All applications use .js (json) configuration file. The path to this configuration files are given in the command line using boost program options interface.

Options:

shortlongdefaultdescription
-h--help Print help messages
-g--guitrueEnable GUI (image viewers, etc.)
-v--verbosetrueEnable output with extra information
-l--levelALL (15)Select level of output to print (can be combined): NONE=0, ERR=1, WARN=2, INFO=4, DEBUG=8, ALL=15
-i--pimages Path to images configuration file
-c--pcamera Path to camera configuration file
-p--pparams"internals.js"Path to camera internal parameters configuration file
-o--output"depth.png"Path to save estimated depth map

For instance to run depth estimation:

./src/depth/depth -i images.js -c camera.js -p params.js -o depth.png -v true -g true -l 7

Five applications are included in BLADE.

1. Depth estimation

depth runs depth estimations on input images according to the selected strategy.

depth_from_obs runs depth estimations on input images according to the selected strategy at micro-images containing BAP features only.

Requirements: image(s), camera parameters, internal parameters, strategy configuration.

Output: raw depth map(s), point cloud(s), central sub-aperture depth map(s).

2. Depth scaling calibration

scaling runs the depth scaling calibration process.

Requirements: images, camera parameters, internal parameters, scene configuration, raw depth maps, features.

Output: camera parameters, scale error statistics (.csv).

3. Relative depth evaluation

evaluate runs the evaluations of relative depth estimation with respect to a ground truth. Supported depth formats include: raw depth maps, point clouds, .csv, .pts, .xyz, poses, .mat and planes.

Requirements: camera parameters, internal parameters, ground truth and depth information.

Output: absolute and relative errors statistics (.csv).

4. Extrinsic calibration lidar-camera

lidarcamera runs the extrinsic parameters calibration from LIDAR frame to camera frame, and graphically check the point clouds.

Requirements: camera parameters, internal parameters, calibration image, constellation configuration.

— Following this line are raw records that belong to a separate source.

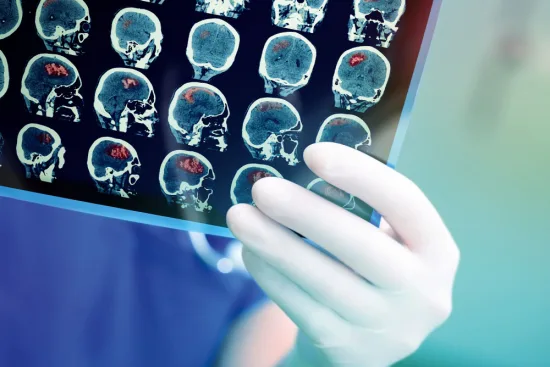 Stroke diagnosis and symptoms 2026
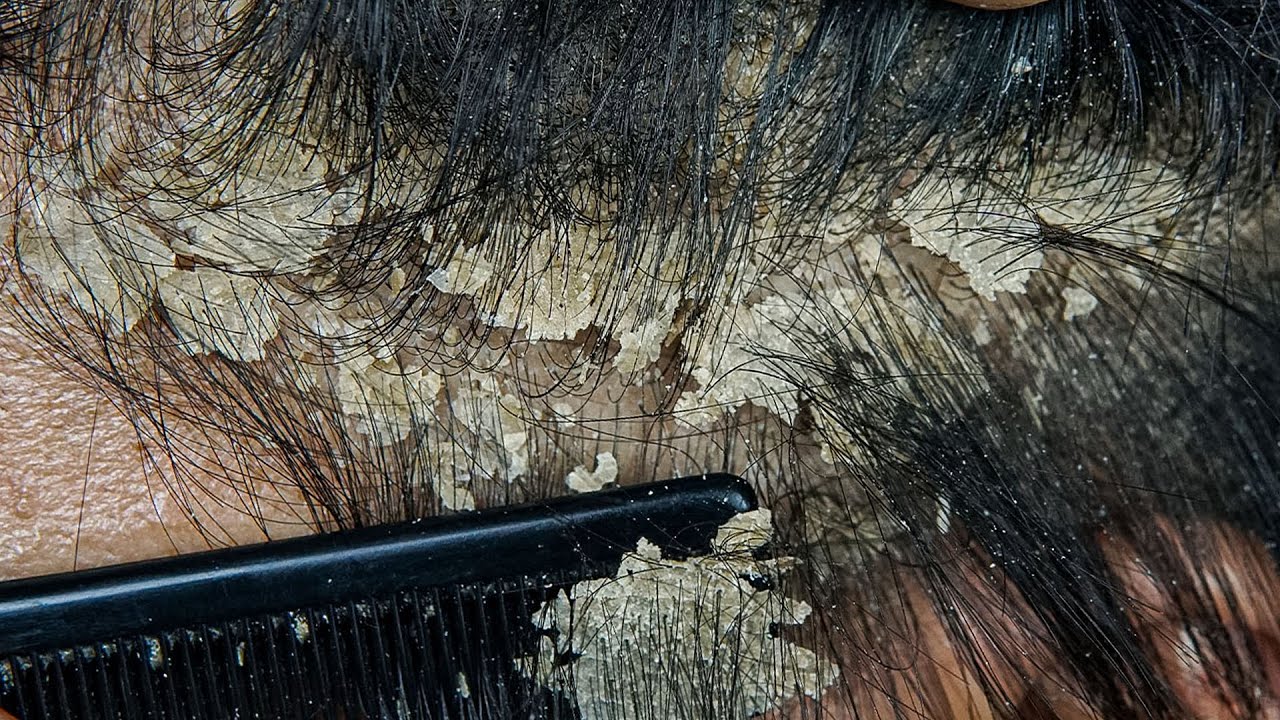 ASMR Super Comfortable Scalp Care #DMO3738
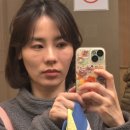 강남뷰티업성형외과 | 강남역성형외과 리쥬란 솔직후기 리쥬란힐러 4cc + 리쥬란아이 엠보없고 통증적은 시술이라고?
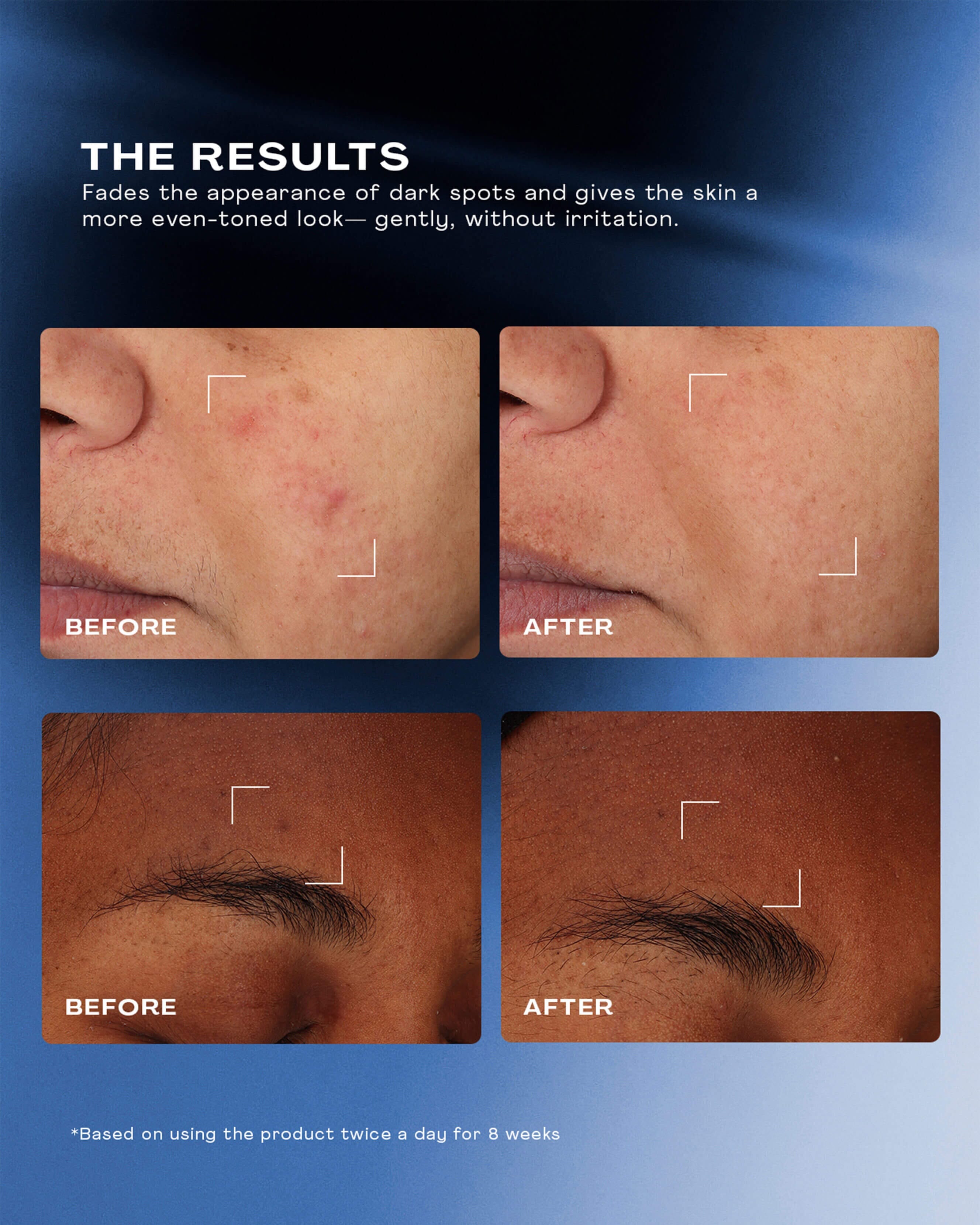 The Outset Total Clarity Dark Spot Serum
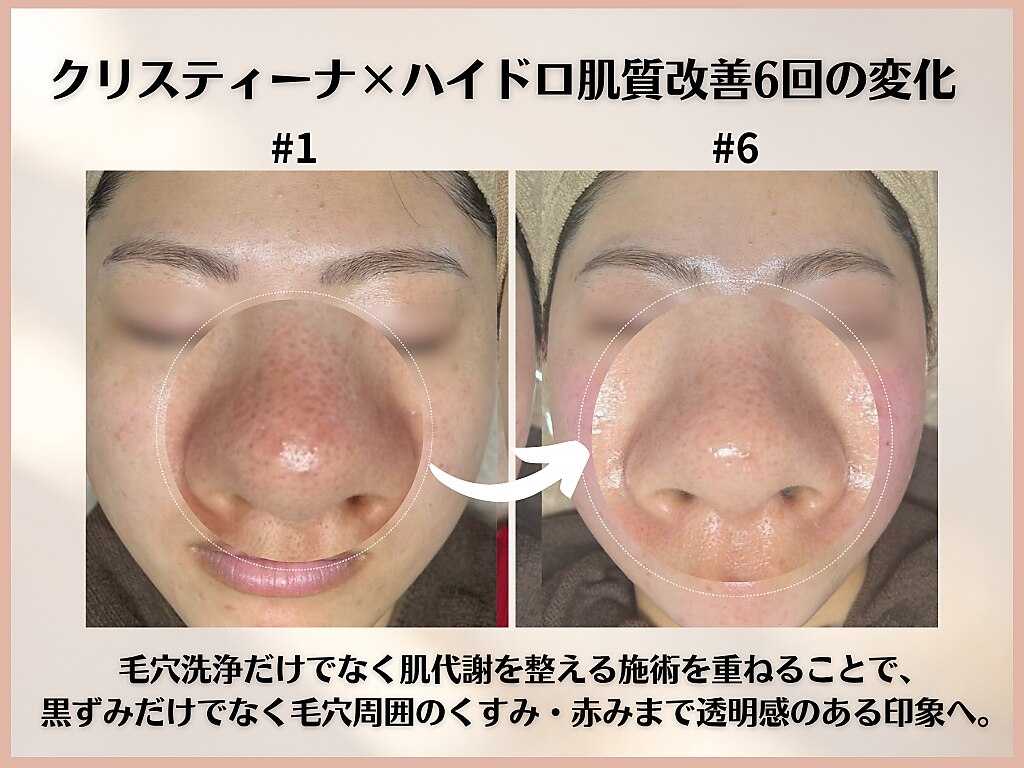 シンスプラス(SINCE+)｜ホットペッパービューティー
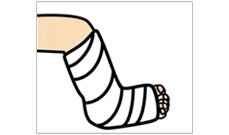 骨折した方にのイメージ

Output: extrinsic parameters.

5. Absolute depth evaluation

distances evaluates distances between reference point cloud and computed depth information, either, directly from central sub-aperture depth map(s) or point cloud(s) or raw depth map(s).

Requirements: camera parameters, internal parameters, extrinsic lidar-camera parameters, images, reference point cloud (.pts), depth information to evaluate.

Output: error maps, distances.

Datasets

  • Datasets R12-A, R12-B and R12-C can be downloaded from here.
  • The dataset R12-D, and the simulated unfocused plenoptic camera dataset UPC-S are also available from here.
  • Datasets R12-E, ES and ELP20 are available here.

Citing

If you use BLADE or libpleno in an academic context, please cite the following publication:

@inproceedings{labussiere2020blur,
  title 	=	{Blur Aware Calibration of Multi-Focus Plenoptic Camera},
  author	=	{Labussi{\`e}re, Mathieu and Teuli{\`e}re, C{\'e}line and Bernardin, Fr{\'e}d{\'e}ric and Ait-Aider, Omar},
  booktitle	=	{Proceedings of the IEEE/CVF Conference on Computer Vision and Pattern Recognition (CVPR)},
  pages		=	{2545--2554},
  year		=	{2020}
}

or

@article{labussiere2022calibration
  title		=	{Leveraging blur information for plenoptic camera calibration},
  author	=	{Labussi{\`{e}}re, Mathieu and Teuli{\`{e}}re, C{\'{e}}line and Bernardin, Fr{\'{e}}d{\'{e}}ric and Ait-Aider, Omar},
  doi		=	{10.1007/s11263-022-01582-z},
  journal	=	{International Journal of Computer Vision},
  year		=	{2022},
  month		=	{may},
  number	=	{2012},
  pages		=	{1--23}
}

License

BLADE is licensed under the GNU General Public License v3.0. Enjoy!